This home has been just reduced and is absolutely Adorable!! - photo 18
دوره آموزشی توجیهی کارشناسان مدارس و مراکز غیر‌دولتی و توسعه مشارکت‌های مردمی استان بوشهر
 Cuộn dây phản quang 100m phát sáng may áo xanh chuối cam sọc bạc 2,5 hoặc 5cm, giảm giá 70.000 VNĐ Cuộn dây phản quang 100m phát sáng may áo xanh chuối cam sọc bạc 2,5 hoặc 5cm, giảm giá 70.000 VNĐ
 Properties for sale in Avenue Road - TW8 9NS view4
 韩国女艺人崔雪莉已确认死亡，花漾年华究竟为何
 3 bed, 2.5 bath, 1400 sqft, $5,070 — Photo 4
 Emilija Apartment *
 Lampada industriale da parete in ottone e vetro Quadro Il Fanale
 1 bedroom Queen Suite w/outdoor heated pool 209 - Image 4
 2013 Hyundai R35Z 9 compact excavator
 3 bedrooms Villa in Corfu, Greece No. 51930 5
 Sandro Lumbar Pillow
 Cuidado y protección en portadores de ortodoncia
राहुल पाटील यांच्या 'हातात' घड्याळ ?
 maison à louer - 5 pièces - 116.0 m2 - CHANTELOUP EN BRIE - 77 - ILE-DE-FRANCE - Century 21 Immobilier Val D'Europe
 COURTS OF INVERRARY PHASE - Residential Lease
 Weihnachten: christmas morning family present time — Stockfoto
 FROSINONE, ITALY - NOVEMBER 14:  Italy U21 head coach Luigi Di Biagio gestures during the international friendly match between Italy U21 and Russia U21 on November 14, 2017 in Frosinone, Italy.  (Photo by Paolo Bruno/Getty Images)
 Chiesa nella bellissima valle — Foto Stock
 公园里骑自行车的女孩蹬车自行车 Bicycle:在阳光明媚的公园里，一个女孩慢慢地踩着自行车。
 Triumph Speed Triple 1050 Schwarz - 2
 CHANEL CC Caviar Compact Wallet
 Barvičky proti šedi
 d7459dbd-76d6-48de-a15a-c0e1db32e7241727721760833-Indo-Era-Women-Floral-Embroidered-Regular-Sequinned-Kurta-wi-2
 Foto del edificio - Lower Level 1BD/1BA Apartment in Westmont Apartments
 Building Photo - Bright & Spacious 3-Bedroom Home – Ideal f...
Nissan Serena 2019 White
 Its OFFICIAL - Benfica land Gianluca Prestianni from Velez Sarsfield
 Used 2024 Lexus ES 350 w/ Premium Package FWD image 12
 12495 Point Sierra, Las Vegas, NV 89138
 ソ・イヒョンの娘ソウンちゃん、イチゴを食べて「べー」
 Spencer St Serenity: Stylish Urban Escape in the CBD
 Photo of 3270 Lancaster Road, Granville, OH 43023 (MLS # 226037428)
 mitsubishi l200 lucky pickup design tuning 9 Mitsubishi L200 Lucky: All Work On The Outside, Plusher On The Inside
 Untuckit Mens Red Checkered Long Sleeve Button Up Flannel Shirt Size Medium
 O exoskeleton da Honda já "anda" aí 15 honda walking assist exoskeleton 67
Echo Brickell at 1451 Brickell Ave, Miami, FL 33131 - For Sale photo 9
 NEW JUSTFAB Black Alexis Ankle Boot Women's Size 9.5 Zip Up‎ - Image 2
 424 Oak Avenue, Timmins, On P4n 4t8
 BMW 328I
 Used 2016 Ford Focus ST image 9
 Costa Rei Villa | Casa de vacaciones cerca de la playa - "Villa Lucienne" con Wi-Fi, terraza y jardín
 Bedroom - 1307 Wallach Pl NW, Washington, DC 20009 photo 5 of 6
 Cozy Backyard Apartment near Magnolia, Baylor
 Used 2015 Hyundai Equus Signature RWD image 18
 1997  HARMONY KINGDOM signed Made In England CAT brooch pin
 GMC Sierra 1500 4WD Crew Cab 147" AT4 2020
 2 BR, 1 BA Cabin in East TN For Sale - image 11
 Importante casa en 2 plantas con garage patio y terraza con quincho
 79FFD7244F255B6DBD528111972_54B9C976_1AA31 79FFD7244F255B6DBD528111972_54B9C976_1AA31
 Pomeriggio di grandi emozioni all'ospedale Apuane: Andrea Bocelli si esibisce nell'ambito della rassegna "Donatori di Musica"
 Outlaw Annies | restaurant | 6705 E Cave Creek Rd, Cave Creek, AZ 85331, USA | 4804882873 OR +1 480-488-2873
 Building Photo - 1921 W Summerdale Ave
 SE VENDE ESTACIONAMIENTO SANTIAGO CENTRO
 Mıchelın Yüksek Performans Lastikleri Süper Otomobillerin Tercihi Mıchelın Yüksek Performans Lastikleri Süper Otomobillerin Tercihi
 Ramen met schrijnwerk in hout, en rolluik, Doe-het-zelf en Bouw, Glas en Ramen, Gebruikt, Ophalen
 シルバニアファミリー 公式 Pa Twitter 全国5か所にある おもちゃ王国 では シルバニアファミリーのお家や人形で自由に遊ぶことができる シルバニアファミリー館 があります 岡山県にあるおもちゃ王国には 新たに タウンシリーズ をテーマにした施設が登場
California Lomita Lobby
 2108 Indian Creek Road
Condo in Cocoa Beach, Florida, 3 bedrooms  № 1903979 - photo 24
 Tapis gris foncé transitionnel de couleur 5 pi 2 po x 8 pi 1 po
═══
== What is required ==
Please set down all of the records exactly.

== Task answer ==
This home has been just reduced and is absolutely Adorable!! - photo 18
دوره آموزشی توجیهی کارشناسان مدارس و مراکز غیر‌دولتی و توسعه مشارکت‌های مردمی استان بوشهر
 Cuộn dây phản quang 100m phát sáng may áo xanh chuối cam sọc bạc 2,5 hoặc 5cm, giảm giá 70.000 VNĐ Cuộn dây phản quang 100m phát sáng may áo xanh chuối cam sọc bạc 2,5 hoặc 5cm, giảm giá 70.000 VNĐ
 Properties for sale in Avenue Road - TW8 9NS view4
 韩国女艺人崔雪莉已确认死亡，花漾年华究竟为何
 3 bed, 2.5 bath, 1400 sqft, $5,070 — Photo 4
 Emilija Apartment *
 Lampada industriale da parete in ottone e vetro Quadro Il Fanale
 1 bedroom Queen Suite w/outdoor heated pool 209 - Image 4
 2013 Hyundai R35Z 9 compact excavator
 3 bedrooms Villa in Corfu, Greece No. 51930 5
 Sandro Lumbar Pillow
 Cuidado y protección en portadores de ortodoncia
राहुल पाटील यांच्या 'हातात' घड्याळ ?
 maison à louer - 5 pièces - 116.0 m2 - CHANTELOUP EN BRIE - 77 - ILE-DE-FRANCE - Century 21 Immobilier Val D'Europe
 COURTS OF INVERRARY PHASE - Residential Lease
 Weihnachten: christmas morning family present time — Stockfoto
 FROSINONE, ITALY - NOVEMBER 14:  Italy U21 head coach Luigi Di Biagio gestures during the international friendly match between Italy U21 and Russia U21 on November 14, 2017 in Frosinone, Italy.  (Photo by Paolo Bruno/Getty Images)
 Chiesa nella bellissima valle — Foto Stock
 公园里骑自行车的女孩蹬车自行车 Bicycle:在阳光明媚的公园里，一个女孩慢慢地踩着自行车。
 Triumph Speed Triple 1050 Schwarz - 2
 CHANEL CC Caviar Compact Wallet
 Barvičky proti šedi
 d7459dbd-76d6-48de-a15a-c0e1db32e7241727721760833-Indo-Era-Women-Floral-Embroidered-Regular-Sequinned-Kurta-wi-2
 Foto del edificio - Lower Level 1BD/1BA Apartment in Westmont Apartments
 Building Photo - Bright & Spacious 3-Bedroom Home – Ideal f...
Nissan Serena 2019 White
 Its OFFICIAL - Benfica land Gianluca Prestianni from Velez Sarsfield
 Used 2024 Lexus ES 350 w/ Premium Package FWD image 12
 12495 Point Sierra, Las Vegas, NV 89138
 ソ・イヒョンの娘ソウンちゃん、イチゴを食べて「べー」
 Spencer St Serenity: Stylish Urban Escape in the CBD
 Photo of 3270 Lancaster Road, Granville, OH 43023 (MLS # 226037428)
 mitsubishi l200 lucky pickup design tuning 9 Mitsubishi L200 Lucky: All Work On The Outside, Plusher On The Inside
 Untuckit Mens Red Checkered Long Sleeve Button Up Flannel Shirt Size Medium
 O exoskeleton da Honda já "anda" aí 15 honda walking assist exoskeleton 67
Echo Brickell at 1451 Brickell Ave, Miami, FL 33131 - For Sale photo 9
 NEW JUSTFAB Black Alexis Ankle Boot Women's Size 9.5 Zip Up‎ - Image 2
 424 Oak Avenue, Timmins, On P4n 4t8
 BMW 328I
 Used 2016 Ford Focus ST image 9
 Costa Rei Villa | Casa de vacaciones cerca de la playa - "Villa Lucienne" con Wi-Fi, terraza y jardín
 Bedroom - 1307 Wallach Pl NW, Washington, DC 20009 photo 5 of 6
 Cozy Backyard Apartment near Magnolia, Baylor
 Used 2015 Hyundai Equus Signature RWD image 18
 1997  HARMONY KINGDOM signed Made In England CAT brooch pin
 GMC Sierra 1500 4WD Crew Cab 147" AT4 2020
 2 BR, 1 BA Cabin in East TN For Sale - image 11
 Importante casa en 2 plantas con garage patio y terraza con quincho
 79FFD7244F255B6DBD528111972_54B9C976_1AA31 79FFD7244F255B6DBD528111972_54B9C976_1AA31
 Pomeriggio di grandi emozioni all'ospedale Apuane: Andrea Bocelli si esibisce nell'ambito della rassegna "Donatori di Musica"
 Outlaw Annies | restaurant | 6705 E Cave Creek Rd, Cave Creek, AZ 85331, USA | 4804882873 OR +1 480-488-2873
 Building Photo - 1921 W Summerdale Ave
 SE VENDE ESTACIONAMIENTO SANTIAGO CENTRO
 Mıchelın Yüksek Performans Lastikleri Süper Otomobillerin Tercihi Mıchelın Yüksek Performans Lastikleri Süper Otomobillerin Tercihi
 Ramen met schrijnwerk in hout, en rolluik, Doe-het-zelf en Bouw, Glas en Ramen, Gebruikt, Ophalen
 シルバニアファミリー 公式 Pa Twitter 全国5か所にある おもちゃ王国 では シルバニアファミリーのお家や人形で自由に遊ぶことができる シルバニアファミリー館 があります 岡山県にあるおもちゃ王国には 新たに タウンシリーズ をテーマにした施設が登場
California Lomita Lobby
 2108 Indian Creek Road
Condo in Cocoa Beach, Florida, 3 bedrooms  № 1903979 - photo 24
 Tapis gris foncé transitionnel de couleur 5 pi 2 po x 8 pi 1 po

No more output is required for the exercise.